Although definitive heroic qualities have remained the same, the excellence of these qualities, and thus the hero’s compulsory superiority over others of lesser skill and character has seen a decline as humanity has evolved over time.  The three hundred Spartans at Thermopylae fought valiantly against the multitudes of Persians, and each one willingly laid down his life for his brothers and his country.  However, only the king Leonidas had a hero cult erected in his honor in Sparta, because he was on an even higher level in terms of his leadership, fighting prowess, and courage.  The same monument, erected today, would be dedicated to all three hundred heroes, even though they were most likely on the same level as the majority of Spartiates.  However, this does not signify that today’s heroes and their deeds have been diminished.

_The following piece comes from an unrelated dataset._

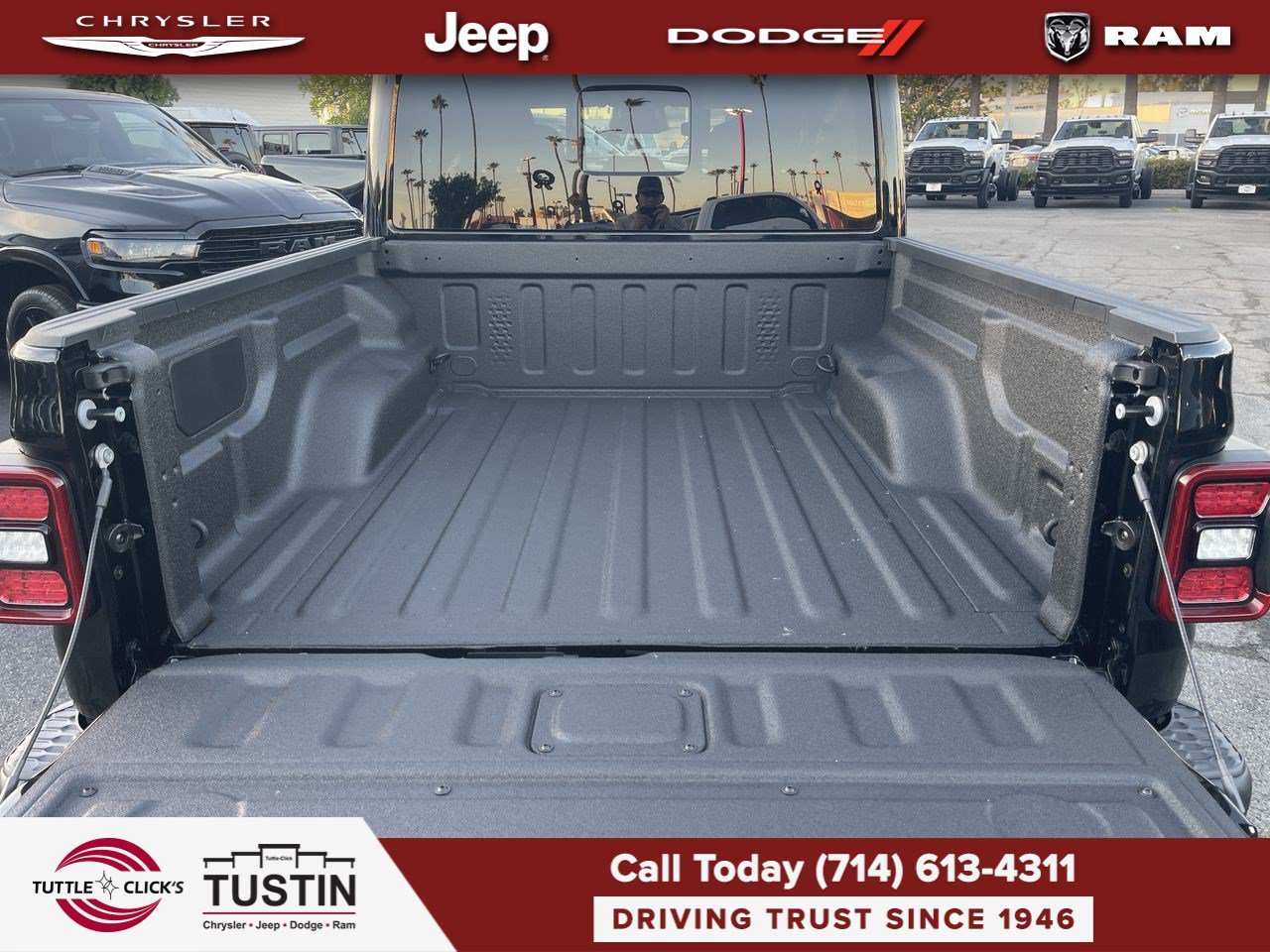 New 2026 Black Clearcoat Jeep Rubicon image 27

The fact of the matter is that the way I have been defining a hero is backwards.  It is an absolute description of a figure whose characterization is truly relative.  If one were to ask a group of people if the above provided qualities were descriptive of a hero, almost all would say yes.  If the same surveyor followed up by asking this group of people to privately provide a list of other qualities, these lists would be as varied as the group of people from which they originated.  The lists would include traits determined by the life experiences, culture, and aspirations of the writers.  Thus, it can be said that a person is made into a hero by virtue of being acknowledged in that way by either an individual or a society, regardless of whether or not he meets the requirements dictated in a written definition.  This is the reason that even though heroic qualities have taken on a broader range, the heroes of today are not diminished compared to the heroes of history.  Each individual person, when they admire someone, holds them as exalted and with the same ardor according to their personal definition of a hero as anyone now or before.  This is true whether the hero is a great sports star who many agree is a hero, or if it is a boy’s father, who nobody else has ever heard of.

It is common for someone being titled a hero to decline such a title.  Read any news article about the great deeds of a soldier, and the most common quote would be about how he was merely doing his duty.  This statement would be expected of a hero.  Based on the absolute definition provided earlier, one cannot consider themselves a hero, because doing so violates the humility of that person.  Despite this, however, they are still heroes based on the relative definition of the writer of the article.  In fact, the soldier has no choice in whether or not he is a hero, and is totally subject to whether or not someone else decides he is such.  A small child with a disability may witness a wounded veteran with the same disability participating in a running race and immediately consider him a hero, regardless of whether the veteran is aware of it or not, and whether the veteran accepts the title or not. 

It is in this way that I have become like Cal Ripken, Jr.  I may not be a homer swatting, gold glove winning, Iron Man shortstop for the Baltimore Orioles, but the quality that we both now share is that we are two men that people can look up to and emulate.  And although you will never hear me refer to myself as a hero, I have accepted and grown comfortable with the fact that it is feasible for others to see me and other wounded veterans in this way, and that in fact, many do.